The dimensionless parameters are

$${\pi }_1={\displaystyle \frac{F}{{\sigma }_{\mathrm{y}}{t}^2}},{\pi }_2={\displaystyle \frac{r_{\mathrm{die}}-r_0}{t}},{\pi }_3={\displaystyle \frac{r_0}{t}},{\pi }_4=\mu ,{\pi }_5=\cos \alpha$$

Computed from the date of simulation, reference values are

$${\overline{\pi }}_2={\displaystyle \frac{39-35}{6}}=0.66667, {\overline{\pi }}_3={\displaystyle \frac{35}{6}}=5.83333, {\overline{\pi }}_4=0.077 , {\overline{\pi }}_5=\cos {20}^{\circ }=0.93969$$

By fitting each independent parameter with the dependent parameter, as shown in Figure 21, the fitting formulas are

$${({\pi }_{1/2})}_{\overline{3},\overline{4},\overline{5}}=10.95381/{({\displaystyle \frac{r_{\mathrm{die}}-r_0}{t}})}^{-0.57935} R=0.98380$$

(5)

$${({\pi }_{1/3})}_{\overline{2},\overline{4},\overline{5}}=0.31272{\displaystyle \frac{r_0}{t}}+10.93343 R=0.99137$$

(6)

$${({\pi }_{1/4})}_{\overline{2},\overline{3},\overline{5}}=32.42292\mu +10.11665 R=0.99952$$

(7)

$${({\pi }_{1/5})}_{\overline{2},\overline{3},\overline{4}}=-642.7313{\cos }^2\alpha +1179.3983\cos \alpha -525.2865 R=0.97327$$

(8)

According to Buckingham’s Π theorem, dimensional analysis can only identify the relevant dimensionless groups that govern a given phenomenon; it does not prescribe any specific functional form relating them. Consequently, the exact relationship between these groups must be determined. In many engineering applications, a multiplicative power-law form has been found to provide a simple yet effective approximation over a limited range of parameters. Following this empirical practice, we postulate the following power-law relationships for the dimensionless groups identified above:

$${\pi }_1={\displaystyle \frac{{({\pi }_{1/2})}_{\overline{3},\overline{4},\overline{5}}{({\pi }_{1/3})}_{\overline{2},\overline{4},\overline{5}}{({\pi }_{1/4})}_{\overline{2},\overline{3},\overline{5}}{({\pi }_{1/5})}_{\overline{2},\overline{3},\overline{4}}}{f{({\overline{\pi }}_2,{\overline{\pi }}_3,{\overline{\pi }}_4,{\overline{\pi }}_5)}^3}}$$

(9)

where $f\left({\overline{\pi }}_2,{\overline{\pi }}_3,{\overline{\pi }}_4,{\overline{\pi }}_5\right)=12.1$.
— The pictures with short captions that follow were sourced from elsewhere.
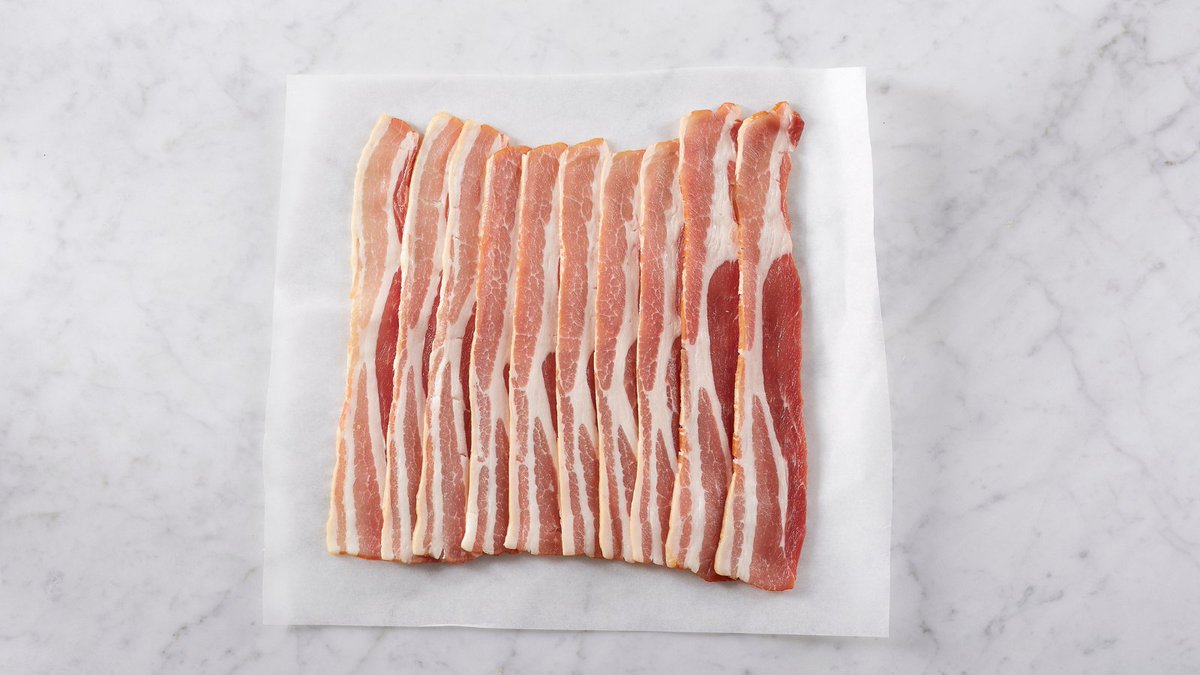 The staple of a great British Breakfast 🥓 Back or Streaky? Plain or Smoked? bit.ly/3v77RS0 #nationalbaconloversday #britishbacon #breakfast #britishbreakfast #fryup #sundaymorning #familybutcher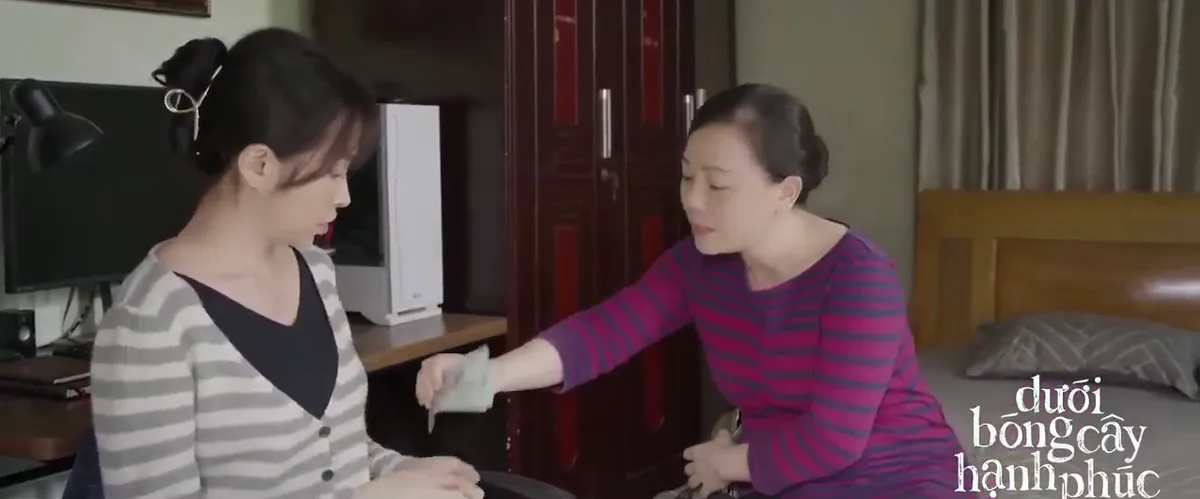 Dưới b&oacute;ng c&acirc;y hạnh ph&uacute;c - Tập 20: Mẹ dấm d&uacute;i cho tiền v&igrave; thương con g&aacute;i c&aacute;ng đ&aacute;ng việc nh&agrave; chồng - Ảnh 1.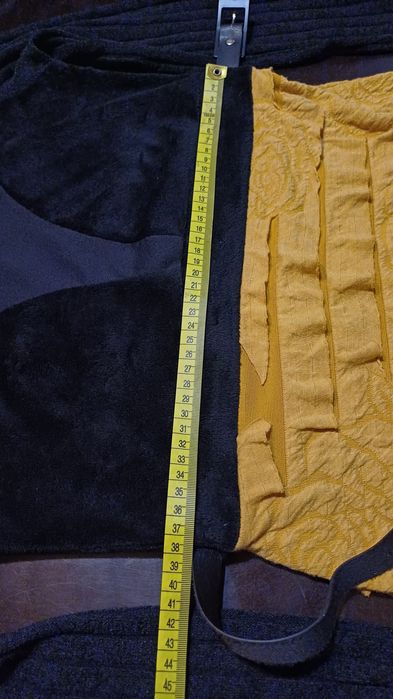 Sukienka czarno-żółta z paskiem M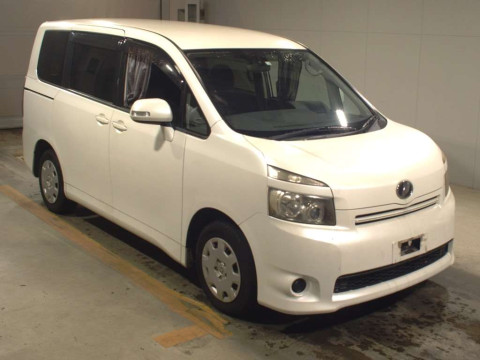 2008 Toyota Voxy ZRR70G[2]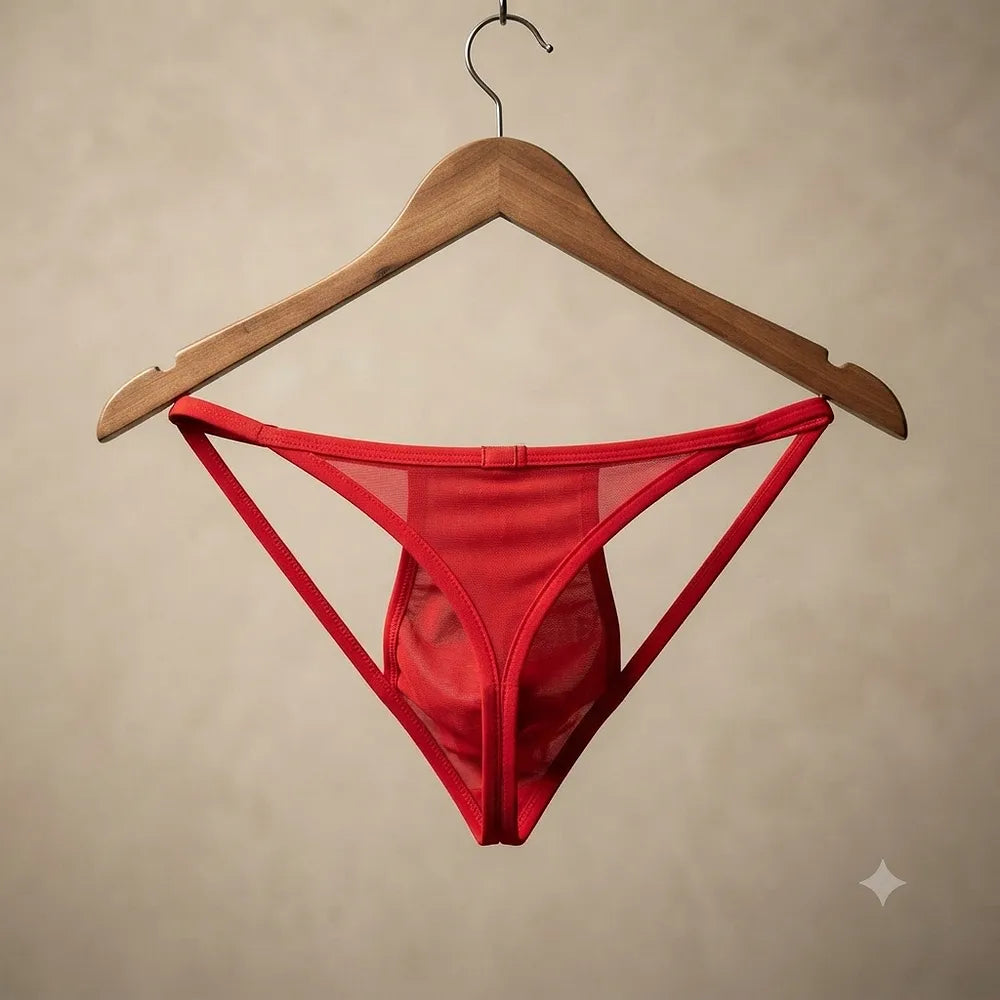 Red double-strap mesh brief معلق ويظهر التكوين الكامل للقطعة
Then, the empirical formula of steady-state force in steady-state could be obtained:

$$\begin{array}{l}F={\displaystyle \frac{{\sigma }_y\cdot t^2}{1771.561}}\left(32.42292\mu +10.11665\right)\times \left[10.95381{({\displaystyle \frac{r_{\mathrm{die}}-r_0}{t}})}^{0.5793}\right]\times \\ \left(0.31272{\displaystyle \frac{r_0}{t}}+10.93343\right)\times \left(-642.7313{\cos }^2\alpha +1179.3983\cos \alpha -525.2865\right)\end{array}$$

(10)

Comparing the steady-state force obtained from dynamic tests and theoretical analysis, as shown in

Table 8. Comparison of steady-state force between experimental measurements and predictions from the empirical formula.
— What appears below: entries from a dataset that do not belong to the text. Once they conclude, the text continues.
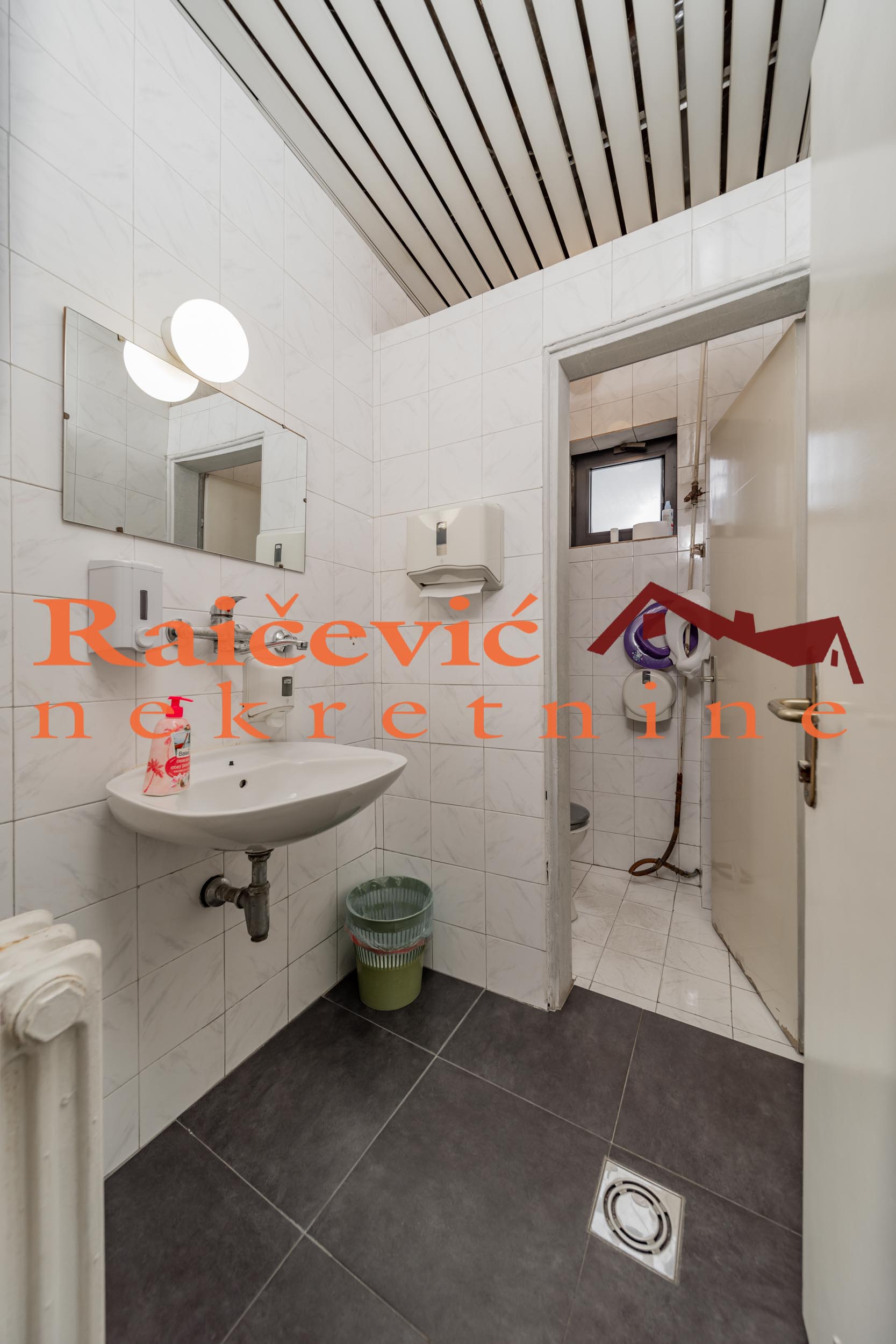 138186 Lokal na prodaju, Banovo Brdo, Beograd, 273m², 4. sprat, 464.000 €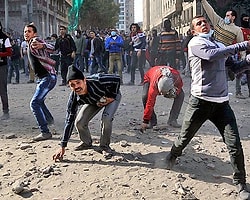 Tahrir'de Polisle Göstericiler Çatıştı
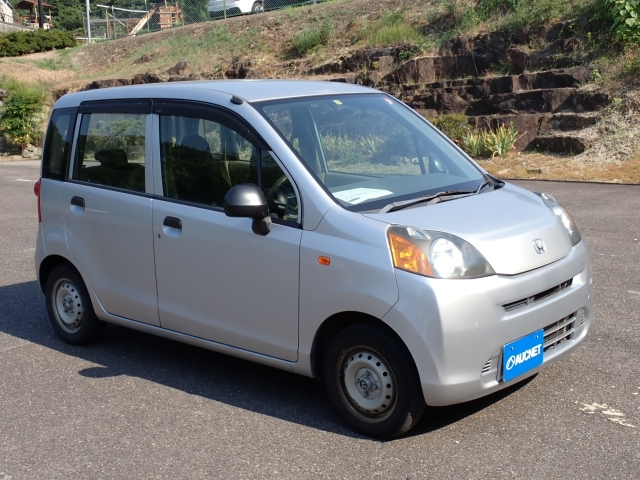 HONDA LIFE 2010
Specimen Number	Experimental Force [kN]	Theoretical Force [kN]	Difference
C-A3.5-N-3.34	182.87	192.77	5.41%
C-A4-N-3.34	212.53	208.27	−2.00%
C-A4.5-N-3.34	246.30	222.98	−9.74%
C-B2-N-4.85	184.98	185.91	0.50%
C-B3.5-N-5.42	289.54	268.18	−7.38%
C-B4-N-5.94	320.12	289.75	−9.49%

, the steady-state force of the empirical formula is found to have good agreement with the tested results of the Q420 tubes, and the error is less than 10%.

6. Conclusions

To explore the energy absorption characteristics of tube expansion, dynamic and static experimental research and simulation analysis were conducted with respect to different geometric parameters, materials, friction coefficients, and impact velocities. The following conclusions were drawn:

(1)

Through experimental research, it was found that the load-bearing capacity and overall stability of the S2205 stainless steel tubes are lower than those of the Q420 tube expansion. In impact tests under the same experimental conditions, the S2205 tube, which can stably expand in quasistatic compression tests, has a much higher overall instability rate under low-speed impacts compared to the Q420 tubes. Therefore, without anti-instability measures, S2205 is not recommended as a material for impact-resistant expansion energy absorbers. Since no repeated tests were performed, future work should include repetitions to quantify the variability in failure modes and steady-state forces.

(2)

Parameter analysis using finite element analysis revealed that the steady-state force is less affected by the expansion angle and the inner diameter of the tube, but increases linearly with the tube thickness and friction coefficient. Furthermore, as the friction coefficient increases, the growth rate of the steady-state force becomes larger with increasing tube thickness. As the expansion value increases, the growth rate of the stable expansion force slows down, and local buckling and splitting may occur, leading to tube failure.

(3)

When the impact velocity is less than 15 m/s, the steady-state force of the tube is not sensitive to velocity changes and shows no damage. However, when the impact velocity is greater than or equal to 45 m/s, the impact energy exceeds the tube’s load-bearing capacity, causing severe longitudinal splitting at the initial stage of impact. The number of cracks increases with the velocity. Therefore, in practical applications, for high-speed impact scenarios, sufficient testing or numerical simulation verification of the tube energy absorber is required, and attention should be paid to splitting phenomena at the impact point.

(4)

The empirical formula for calculating the steady-state force of Q420 steel tubes under quasistatic and low-speed impact expansion, derived through similarity criteria and dimensional analysis, agrees well with the experimental results and can provide a reference for the design of expansion tube energy absorption devices.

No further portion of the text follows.